Cars are submerged in floodwaters in Kimmswick, Missouri, on December 28.

Story highlights

Many have died trying to drive through water in Missouri and elsewhere experiencing flooding

A foot of water will float most vehicles and more can sweep a car away

As little as six inches of water will reach the bottom of most vehicles

CNN  — 

No, you cannot make it through that floodwater. It doesn’t matter how good a driver you think you are, or how tall or big your vehicle.

Less than a foot of water can send your car floating away, and in a flood that means you can sink and drown.

“If we could say anything over and over and over, it’s “Don’t drive into water,” Missouri Gov. Jay Nixon told St. Louis public radio this week as his state and others were slammed with record flooding.

But as he and every safety official keep giving warnings, people continue to think they can defy the treacherous force of water.

Storms have been blamed for roughly 49 deaths this past week across the country, and though some are blamed on tornadoes, many died because they attempted to drive through floodwater. In Missouri, 14 are dead. This week a motorist died after being swept off a road in Crawford County.

In Jefferson County, south of St. Louis, rescuers pulled a man from his car stuck in floodwater, CNN affiliate KMOV reported. He said he had not seen the water, because it was dark.

Five international soldiers temporarily stationed in Missouri for training when their car was swept away by water they attempted to drive through.

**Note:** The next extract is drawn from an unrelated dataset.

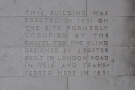 An inscription on the wall explains the building's heritage.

According to FEMA, the Federal Emergency Management Administration:

* Just 6 inches of moving water will reach the base of most passenger vehicles;

* 2 feet of water can sweep away your vehicle, even an SUV or truck;

* Most vehicles will float in just 1 foot of water.

If that doesn’t seem like a lot, consider that a cubic foot of water weighs more than 60 pounds. Each foot of rising water applies 500 pounds of lateral force on a vehicle.

If floodwaters rise around your car but the water is not moving, the agency advises, abandon the car and move to higher ground. Do not leave the car to enter moving water.

The Weather Channel has repeatedly warned how dangerous it is to drive through water. This year, the Weather Channel wrote about a Louisville, Kentucky, woman who was stranded at 9:30 a.m. on a rural road. The car was swept away by 11:30 a.m., and when rescuers reached her, she was dead.